%%
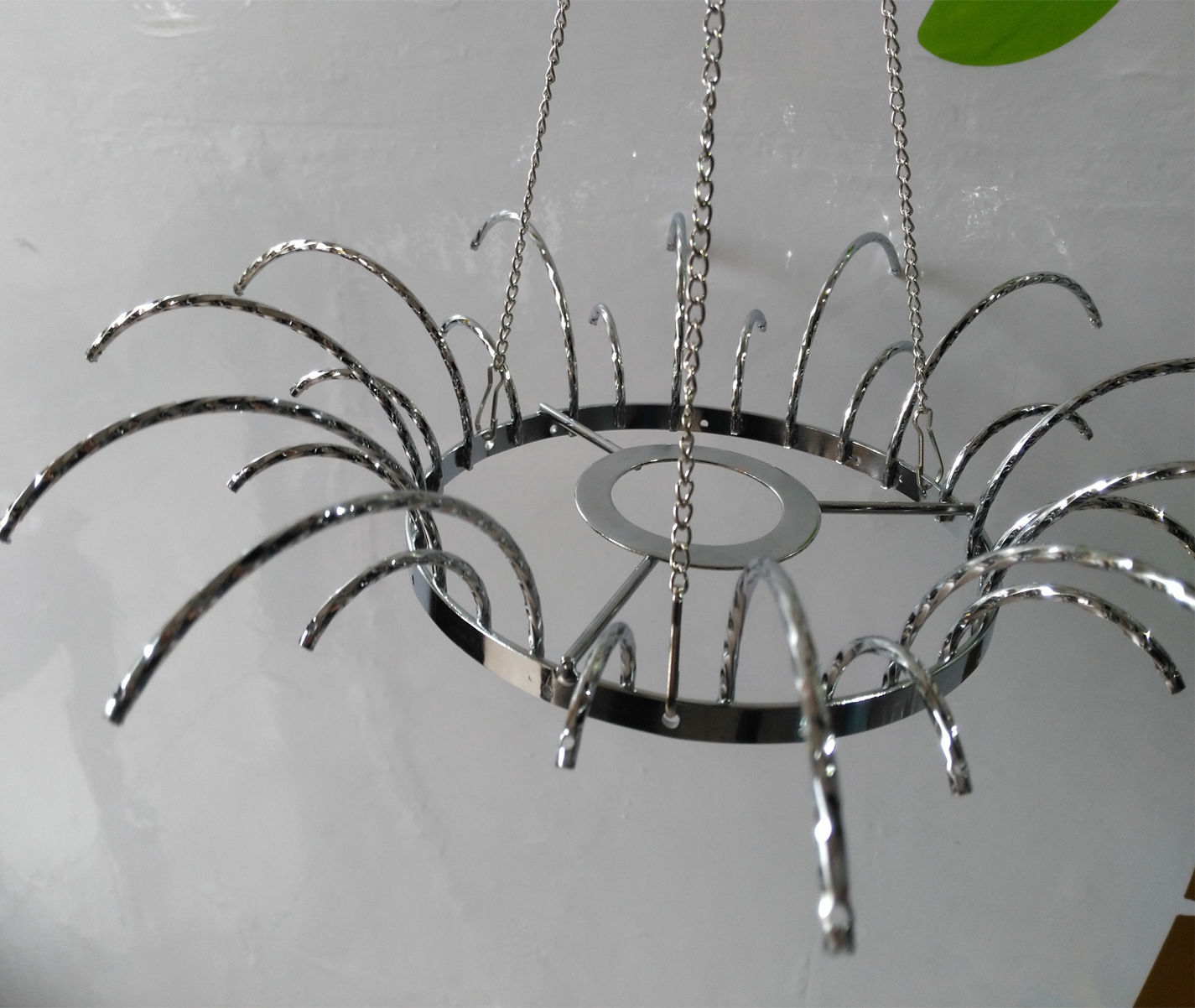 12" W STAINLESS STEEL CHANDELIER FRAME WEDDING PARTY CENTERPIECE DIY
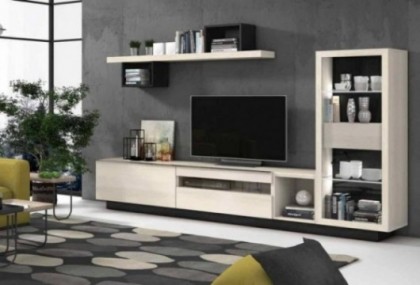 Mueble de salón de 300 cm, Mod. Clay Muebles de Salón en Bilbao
%%
%%
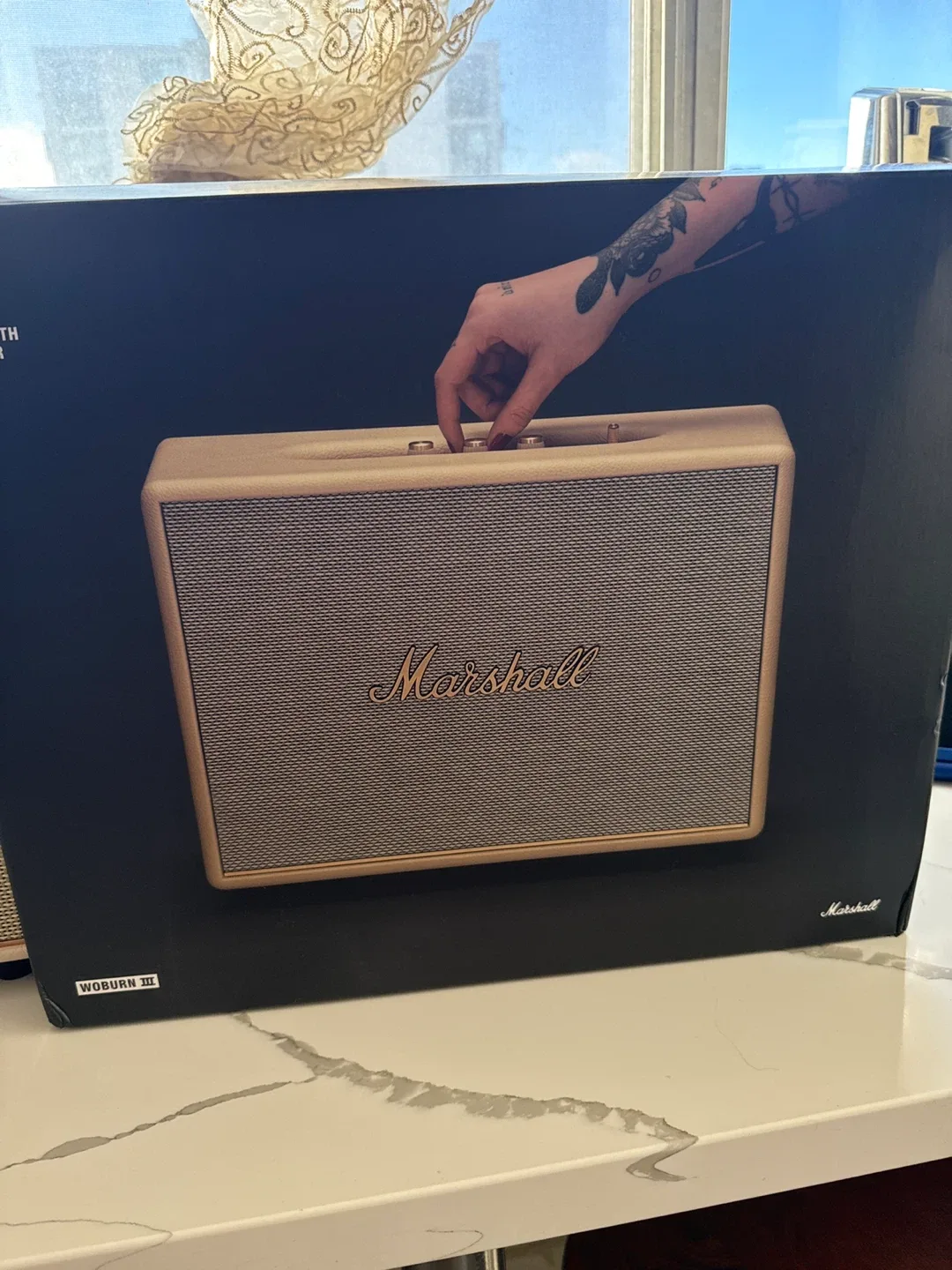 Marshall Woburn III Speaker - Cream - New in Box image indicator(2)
%%
%%
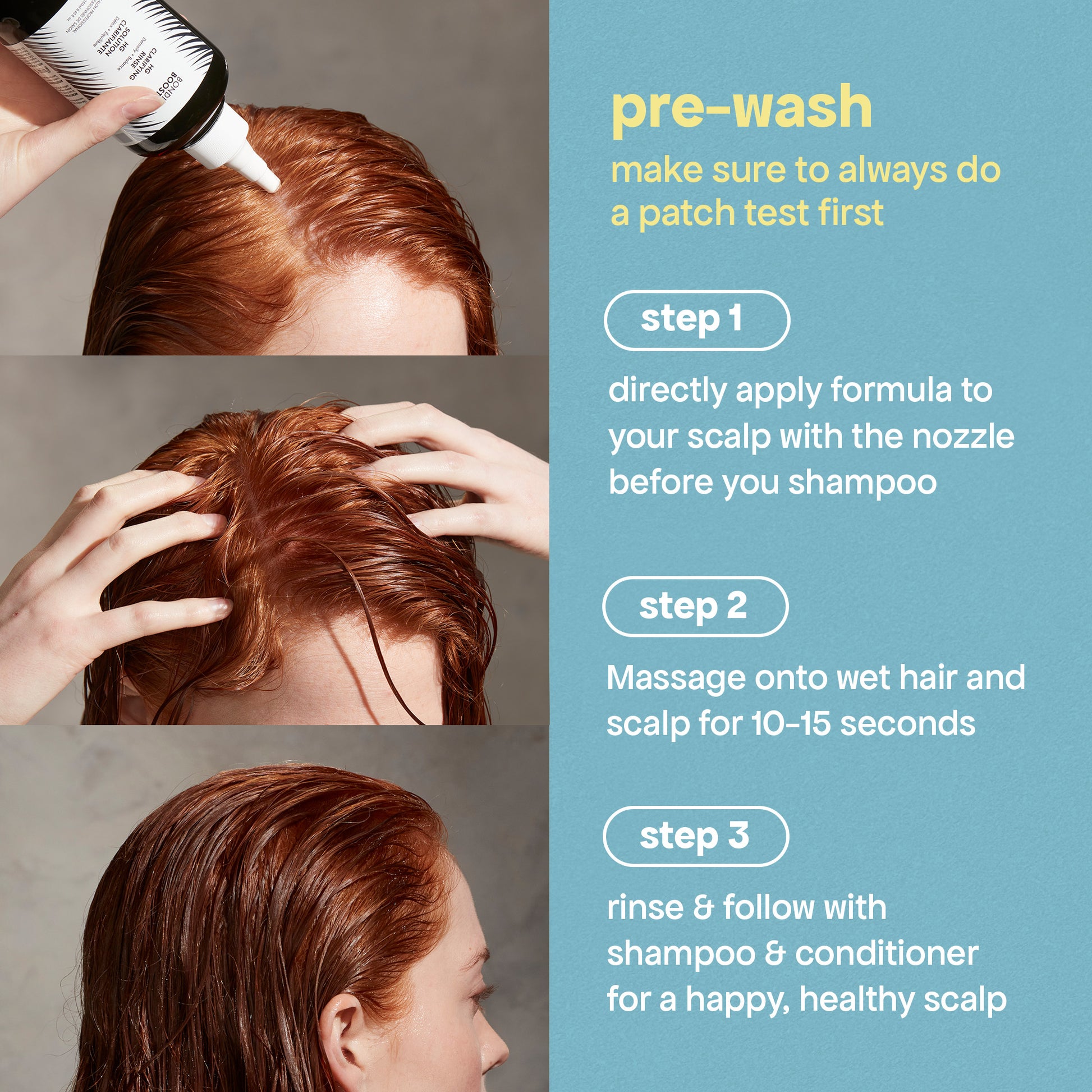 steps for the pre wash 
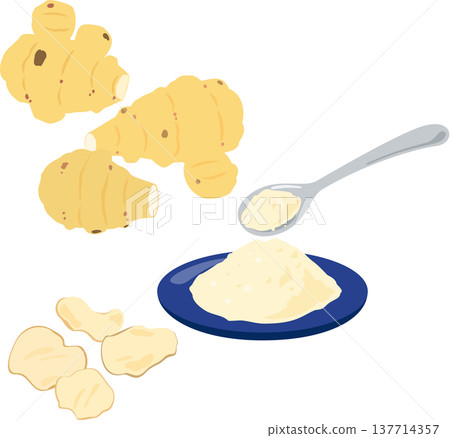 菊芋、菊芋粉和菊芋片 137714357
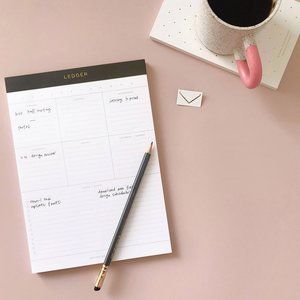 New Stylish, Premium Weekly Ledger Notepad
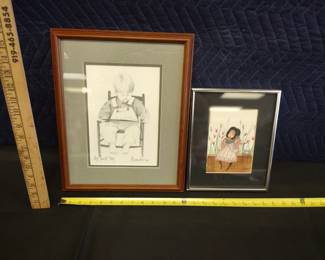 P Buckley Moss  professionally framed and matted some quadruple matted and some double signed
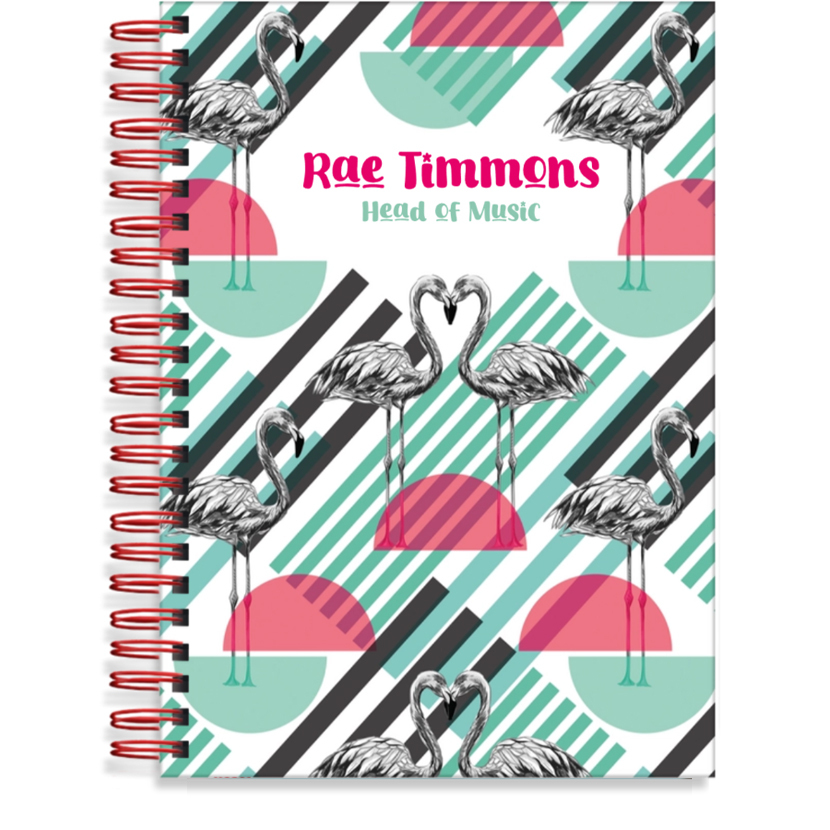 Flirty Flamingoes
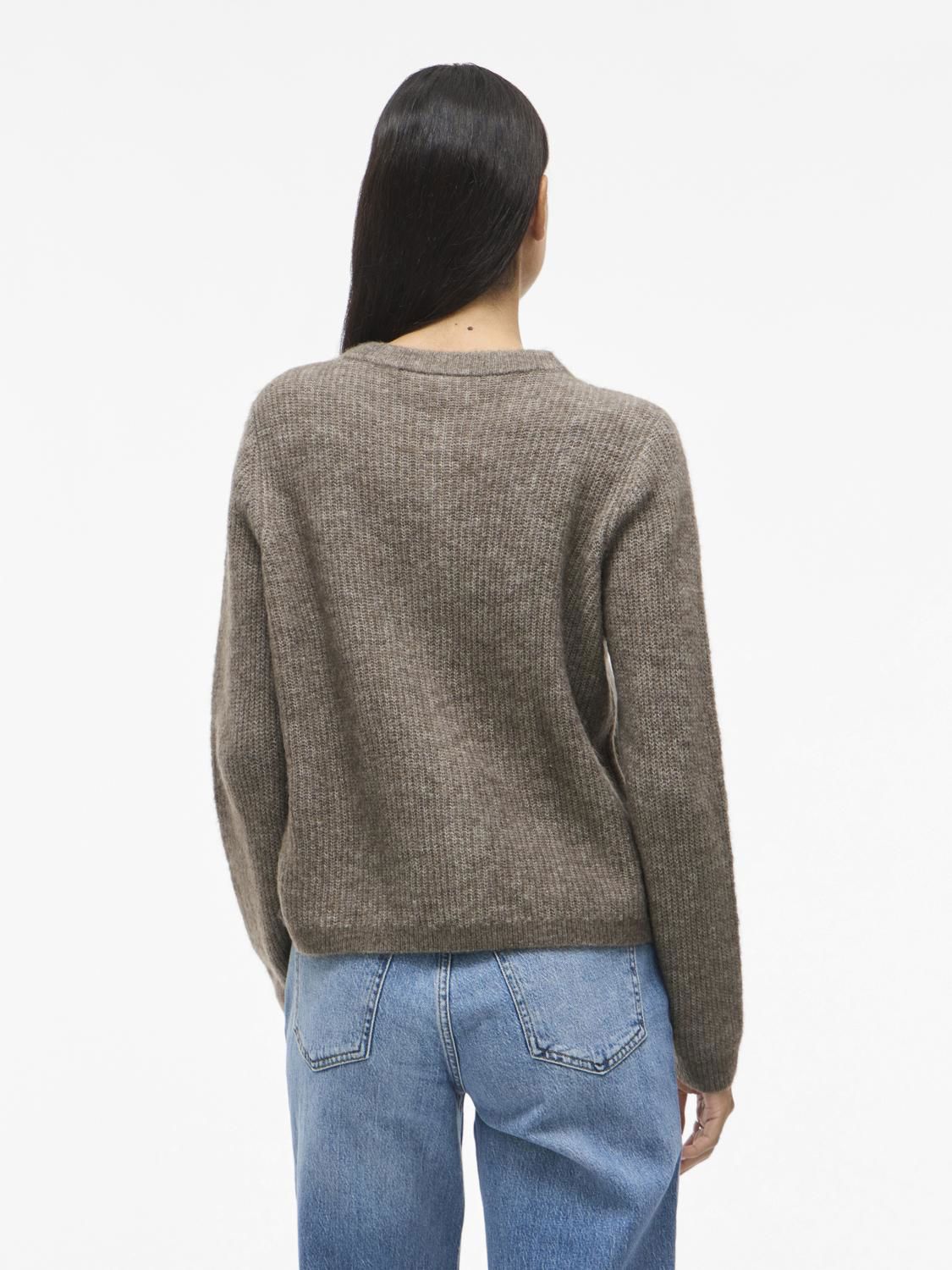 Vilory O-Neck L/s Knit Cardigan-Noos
%%
What is expected: Would you give again, exactly, the lines in the data above that run from the line containing "PARTY CENTERPIECE DIY" to the line containing "Mueble de salón"? Include both ends and no pictures.

Solution to the exercise:
 12" W STAINLESS STEEL CHANDELIER FRAME WEDDING PARTY CENTERPIECE DIY
 Mueble de salón de 300 cm, Mod. Clay Muebles de Salón en Bilbao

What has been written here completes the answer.